Short text fragments from websites:
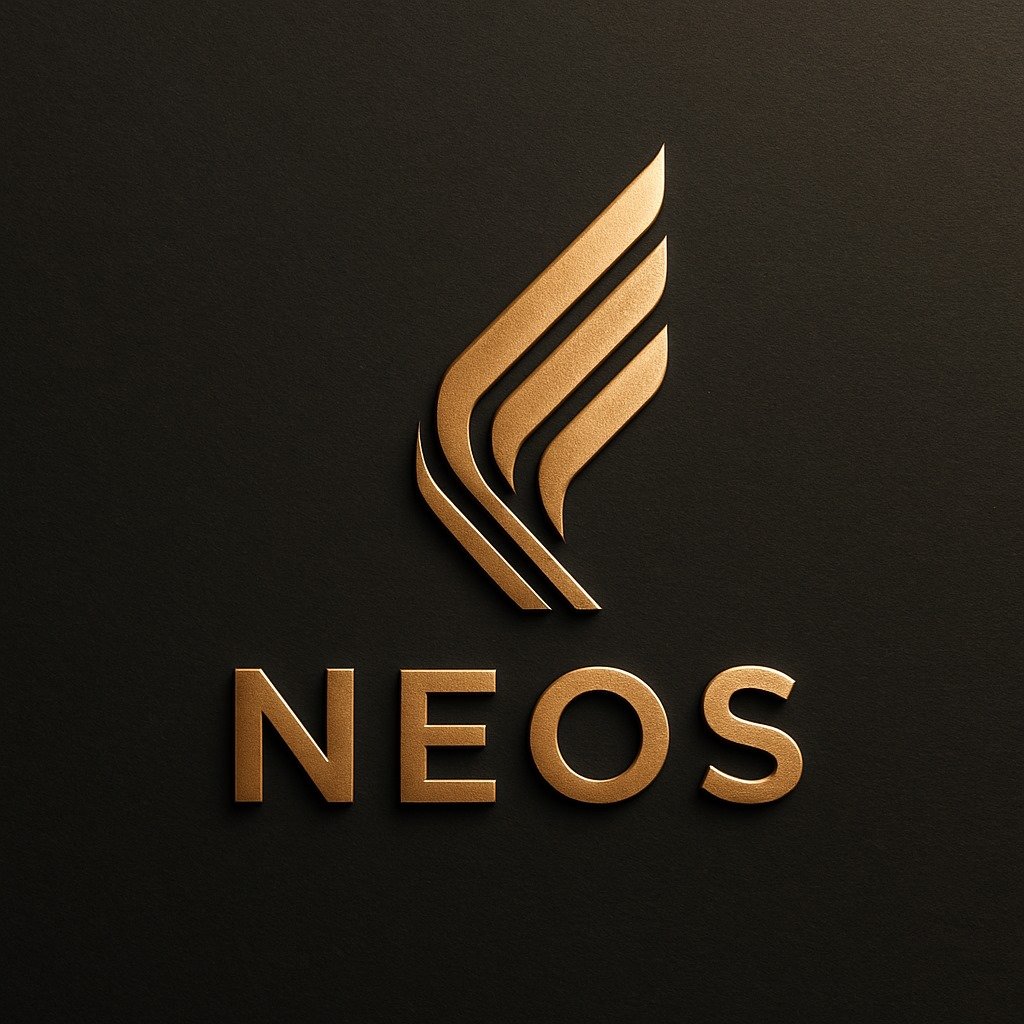 Detaje pune në alumin dhe hekur nga NEOS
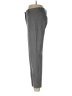 J.Crew Gray Dress Pants Size 6 - photo 5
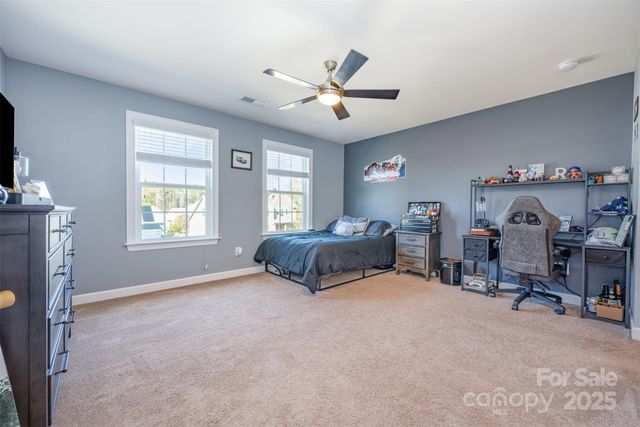 1712 Great Road, Waxhaw, NC 28173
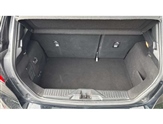 Ford Fiesta Image 4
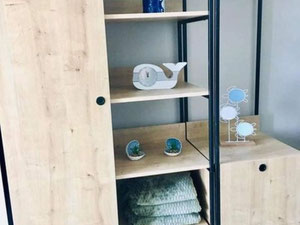 公寓在贡尼奥 — 来自开发商和业主的房地产搜索引擎 GEOLN.COM. 照片 6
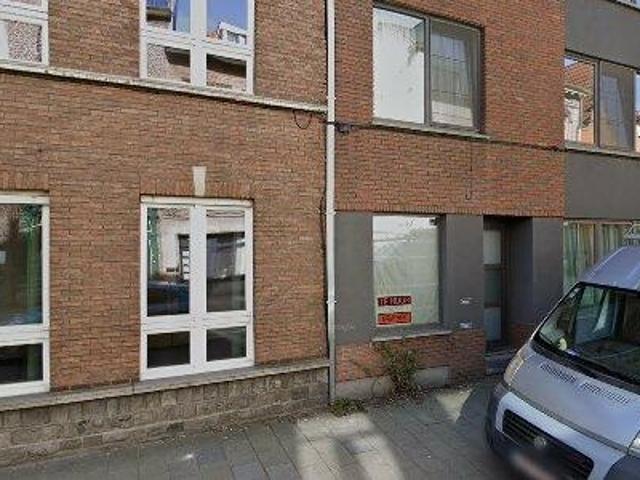 Appartement location à Desteldonk, Oost-Vlaanderen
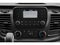 2021 Ford Transit Cargo Van T-250 130" Med Rf 9070 GVWR RWD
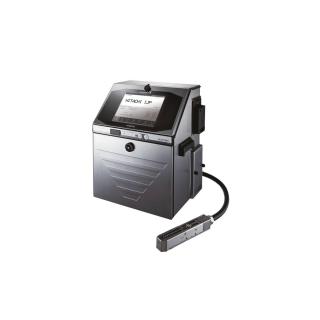 Hitachi UX-P (65µm) 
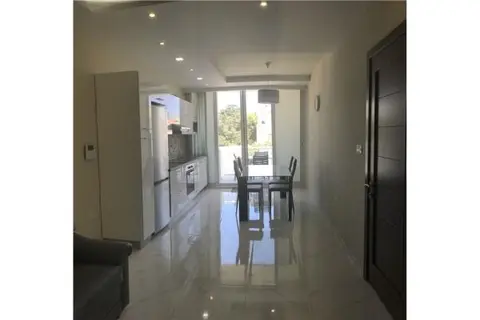 1 bedroom Apartment to rent in Gzira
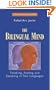 The Bilingual Mind: Thinking, Feeling and Speaking in Two Languages (Cognition and Language: A Series in Psycholinguistics)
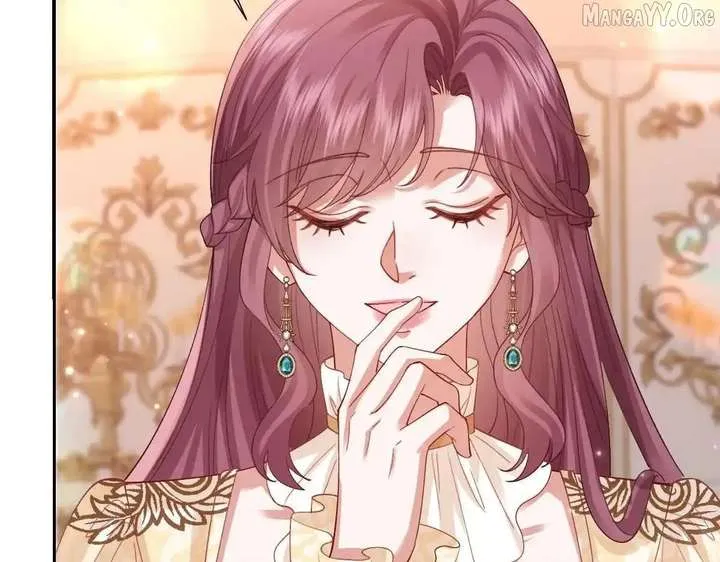 Confessing My Love to Him, the Treacherous One Chapter 60 Online - pƔgina 16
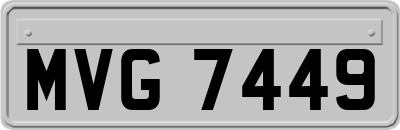 MVG7449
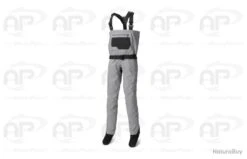 Waders ORVIS Clearwater 43/45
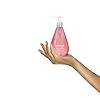 Method-Hand-Wash-Pink-Grapefruit-354-ml Method Handsoap Pink Grapefruit 354ml
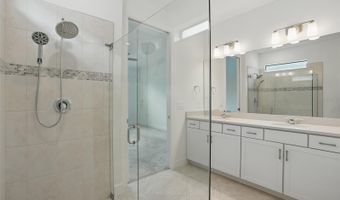 16053 ROSEMALLOW Ln, Alva, FL 33920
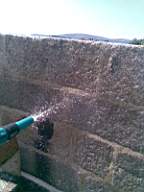 sandymount tower- 21142.jpg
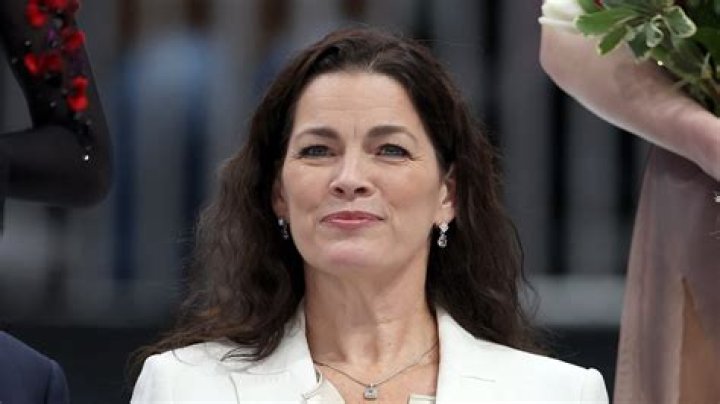 Nancy Kerrigan's Husband Jerry Solomon Wiki, Age, Net Worth, and First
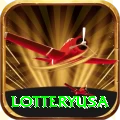lotteryusa Master - Win Real PKR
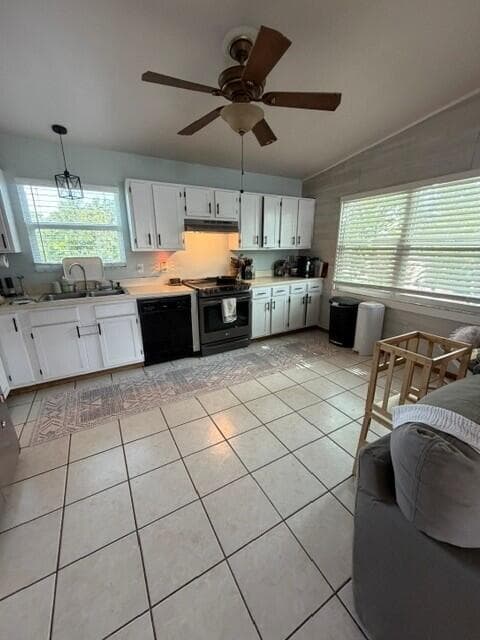 1821 Bittersweet Avenue photo 6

### What to work on
Starting with the line that holds "sandymount tower- 21142.jpg", return each line exactly through the final line of the entries above; pictures are not part of the output.

### Solved problem
 sandymount tower- 21142.jpg
 Nancy Kerrigan's Husband Jerry Solomon Wiki, Age, Net Worth, and First
lotteryusa Master - Win Real PKR
 1821 Bittersweet Avenue photo 6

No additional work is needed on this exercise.